Abstract |
Benchmarking graph-oriented database workloads and graph-oriented database
systems are increasingly becoming relevant in analytical Big Data tasks,
such as social network analysis. In graph data, structure is not mainly
found inside the nodes, but especially in the way nodes happen to be
connected, i.e. structural correlations. Because such structural
correlations determine join fan-outs experienced by graph analysis
algorithms and graph query executors, they are an essential, yet typically
neglected, ingredient of synthetic graph generators. To address this, we
present S3G2: a Scalable Structure-correlated Social Graph Generator.

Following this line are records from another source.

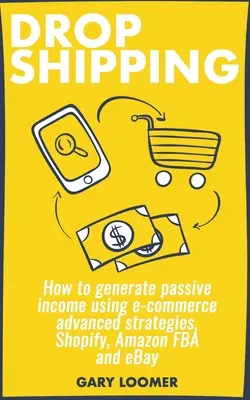 Dropshipping: Hogyan generáljunk passzív jövedelmet az e-kereskedelem fejlett stratégiáinak, a Shopify, az Amazon FBA és az eBay segítségével - Dropshipping: How to generate passive income using e-commerce advanced strategies, Shopify, Amazon FBA and eBay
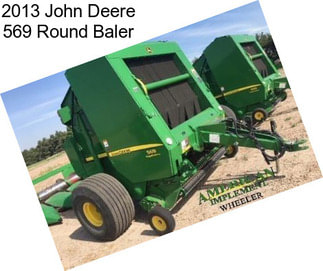 2013 John Deere 569 Round Baler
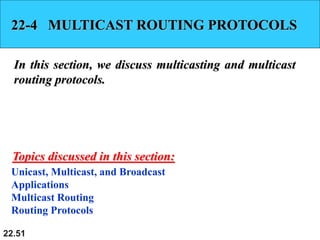 22.51
22-4 MULTICAST ROUTING PROTOCOLS
In this section, we discuss multicasting and multicast
routing protocols.
Unicast, Multicast, and Broadcast
Applications
Multicast Routing
Routing Protocols
Topics discussed in this section:
 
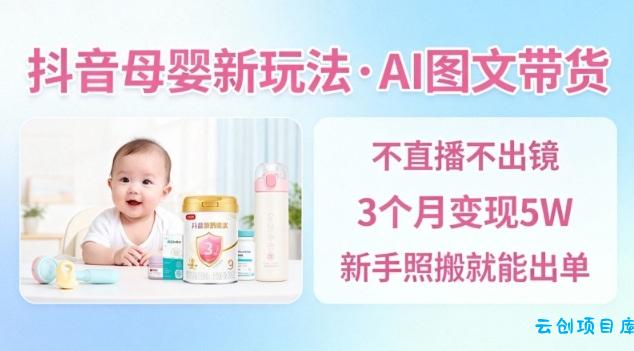 抖音母婴赛道新玩法,AI图文带货,不用直播,3个月变现5W,新手照搬就能出单-云创项目库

This graph generator creates a synthetic social graph, containing
non-uniform value distributions and structural correlations, and is intended
as a testbed for scalable graph analysis algorithms and graph database
systems. We generalize the problem to decompose correlated graph generation
in multiple passes that each focus on one so-called correlation dimension;
each of which can be mapped to a MapReduce task. We show that using S3G2 can
generate social graphs that (i) share well-known graph connectivity
characteristics typically found in real social graphs (ii) contain certain
plausible structural correlations that influence the performance of graph
analysis algorithms and queries, and (iii) can be quickly generated at huge
sizes on common cluster hardware. |